We have an ancient ticket at #250 from Jacob detailing the need for this, #652 wants an upload-to-database facility for Image- and FileFields. Finally, there's a patch in #2417 which implements a small binary field which JKM says is "very very good". Marc Fargas has added docs, etc.
So - if we do want a BinaryField we could use #2417 and make it suitable for larger binary stores (e.g. the VARBINARY used for MySQL has a max length of 255 bytes - perfect for the small bin. chunks wanted in #2417, but not for larger data), and then hook it up to Image/FileFields for #652.
An alternate solution is to check in #2417 for small binary chunks, and then hold 652 back until we decide if we want a LargeBinaryField for large binary chunks suitable for file uploads.
Whether you think RDMSSes are for binary data is mostly by the by.
IMO the patch for #2417 is sub-optimal as it:
1) Subclasses the Char field. 2) Does not provide an intelligent manipulator.
The solution to this problem is to provide a form upload field with the addition of a checkbox to signify deletion of the currently saved binary data.
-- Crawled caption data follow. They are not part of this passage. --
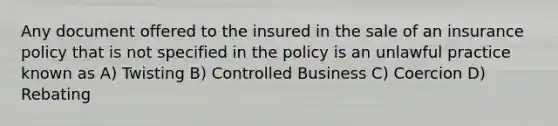 Any document offered to the insured in the sale of an insurance policy that is not specified in the policy is an unlawful practice known as A) Twisting B) Controlled Business C) Coercion D) Rebating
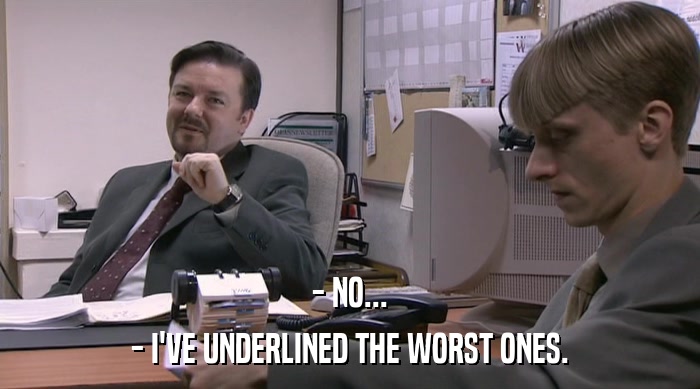 - NO... - I'VE UNDERLINED THE WORST ONES. 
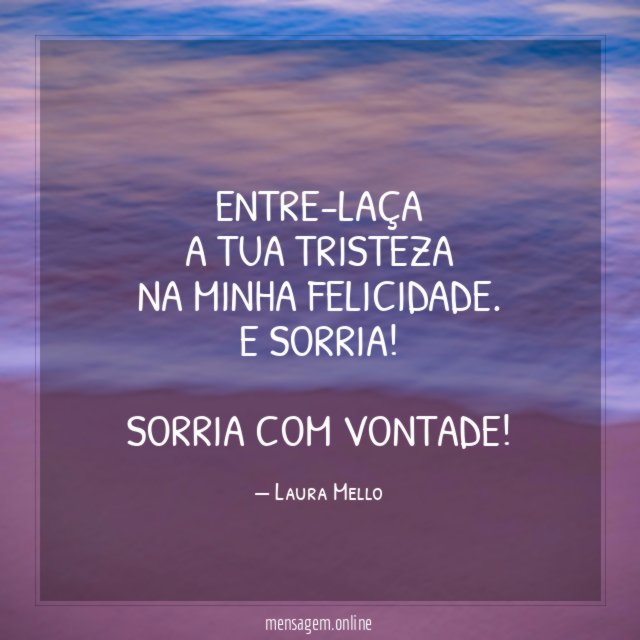 Entre-laça a tua tristeza na minha felicidade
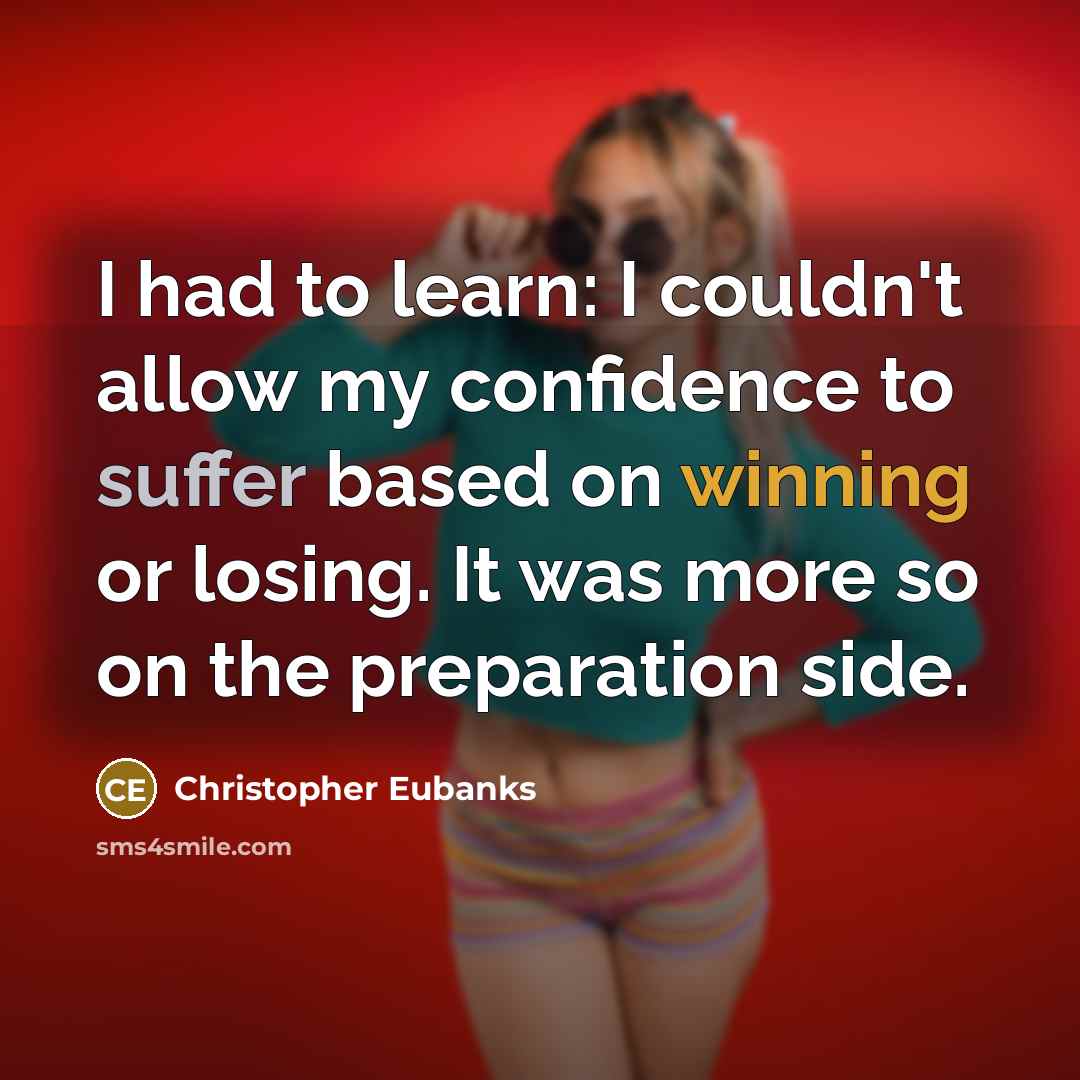 “I had to learn: I couldn't allow my confidence to suffer based on winning or losing. It was more so on the preparation side.” quote by Christopher Eubanks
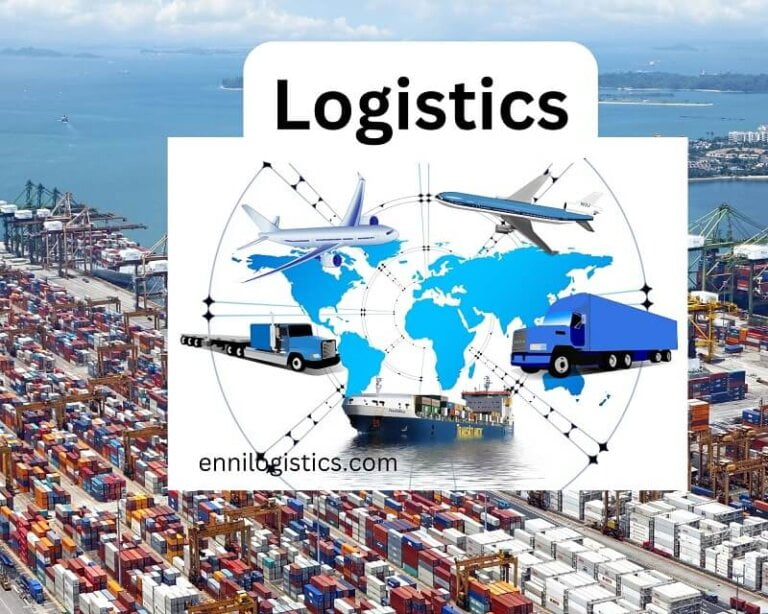 What is Logistics? simple explanation with examples - Ennilogistics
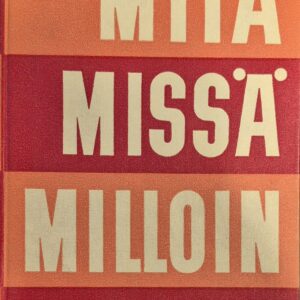 Mitä missä milloin 1967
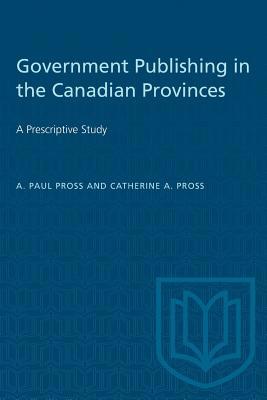 Government Publishing in the Canadian Provinces... 1487581564 Book Cover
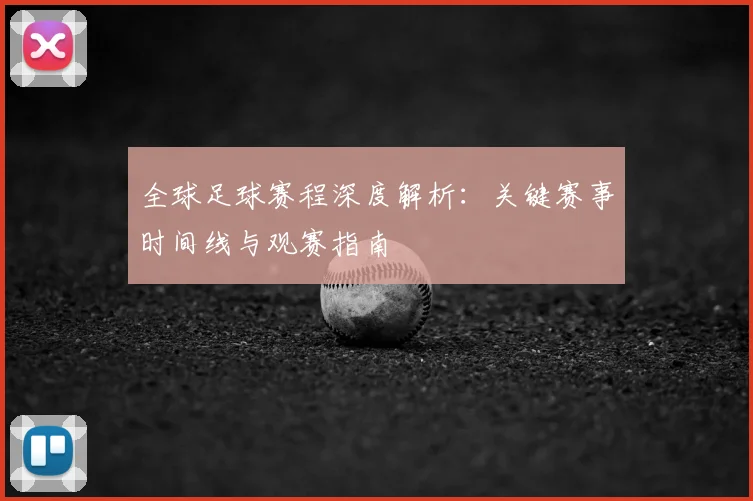 全球足球赛程深度解析：关键赛事时间线与观赛指南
There is no sensible way to SHOW the current binary data - we can leave that up to the application designer.
I think a BinaryField could even help getting less data saved into the database, as some binary data fits well into the database, but must be saved as ASCII now (converted or by using a different format).
For example the full-history-branch uses pickle (cPickle) to serialize the data of an object. pickle known multiple methods to store the data. By default is creates a ASCII-dump, but you can change this behavior. From the docs (http://docs.python.org/lib/node316.html): "By default, the pickle data format uses a printable ASCII representation. This is slightly _more voluminous_ than a binary representation." Besides the other methods provide some optimization: "Protocol version 2 was introduced in Python 2.3. It provides much _more efficient_ pickling of new-style classes."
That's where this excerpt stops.